*** Opening of Input for this task ***

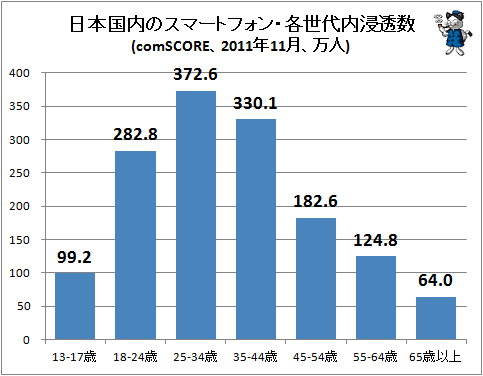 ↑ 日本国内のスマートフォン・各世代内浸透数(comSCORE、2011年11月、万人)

*** Close of Input for this task ***
*** Opening of Input for this task ***

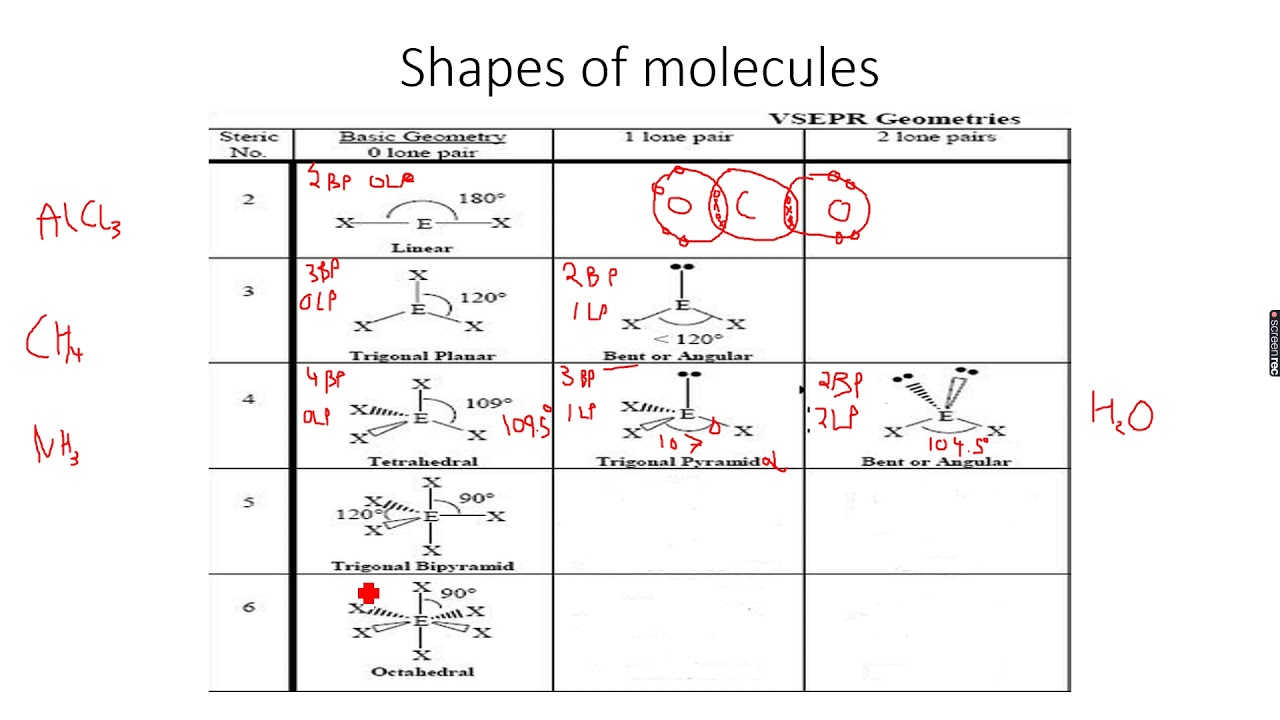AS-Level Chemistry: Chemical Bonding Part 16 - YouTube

*** Close of Input for this task ***
*** Opening of Input for this task ***

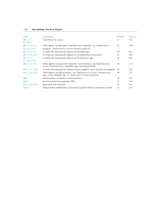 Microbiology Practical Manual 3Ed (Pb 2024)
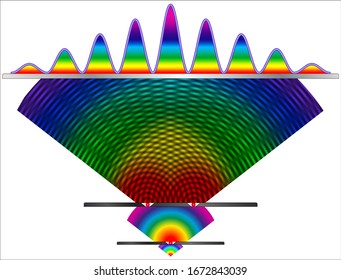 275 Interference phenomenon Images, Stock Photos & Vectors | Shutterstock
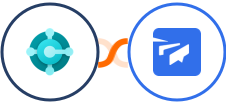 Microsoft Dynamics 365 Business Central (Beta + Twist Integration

*** Close of Input for this task ***

Exercise instructions>
Above, find the line with "275 Interference phenomenon"; copy it and every line down to the line with "Microsoft Dynamics 365", exactly and both included, but no pictures.

Answer for this exercise>
 275 Interference phenomenon Images, Stock Photos & Vectors | Shutterstock
 Microsoft Dynamics 365 Business Central (Beta + Twist Integration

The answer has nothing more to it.